Real-world scenario: A sales manager imports daily sales from a bank CSV. =SUM(D:D) returns 0. Every number in column D has a leading apostrophe from the CSV parser (this forces text storage). Text to Columns → Finish converts the entire column to real numbers in one click, and the sum updates instantly.

Beginner pitfall: Numbers with thousands separators ("1,234,567") or currency symbols ("£1,234") imported from web data will resist =VALUE and *1 because Excel cannot coerce them. Use =NUMBERVALUE(A2, ".", ",") in Microsoft 365, or strip the separators first with =VALUE(SUBSTITUTE(SUBSTITUTE(A2, ",", ""), "£", "")).

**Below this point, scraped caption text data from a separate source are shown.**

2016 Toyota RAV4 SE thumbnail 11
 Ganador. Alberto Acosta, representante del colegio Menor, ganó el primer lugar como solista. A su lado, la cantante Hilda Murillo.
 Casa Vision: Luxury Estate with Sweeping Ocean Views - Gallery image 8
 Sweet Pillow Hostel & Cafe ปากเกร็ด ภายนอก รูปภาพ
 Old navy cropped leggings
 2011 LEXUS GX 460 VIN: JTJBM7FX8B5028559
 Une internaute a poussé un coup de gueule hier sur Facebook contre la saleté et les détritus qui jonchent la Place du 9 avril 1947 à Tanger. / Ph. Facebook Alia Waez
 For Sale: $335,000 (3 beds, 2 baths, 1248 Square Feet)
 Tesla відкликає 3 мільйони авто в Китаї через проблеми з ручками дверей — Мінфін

8. Extract Data with Formulas

Common extraction tasks:

  • Extract domain from email: =MID(A2, FIND("@",A2)+1, 100). For more formula techniques, see the advanced formulas guide
  • Extract first name: =LEFT(A2, FIND(" ",A2)-1)
  • Extract last name (single-space names): =MID(A2, FIND(" ",A2)+1, 100)
  • Extract numbers from text: =TEXTBEFORE(A2, " ") or =TEXTAFTER(A2, "-") in Microsoft 365; a combination of MID and SEQUENCE for older versions
  • Postcode from a UK address: =TEXTAFTER(A2, ", ", -1) (the -1 takes the last occurrence)

Real-world scenario: A recruiter has 2,400 LinkedIn profile URLs in one column and needs the username for a mail-merge. =TEXTAFTER(A2, "linkedin.com/in/") returns every handle clean in one spill. The same task with old-school LEFT/MID/FIND would take three nested formulas and a lot of off-by-one debugging.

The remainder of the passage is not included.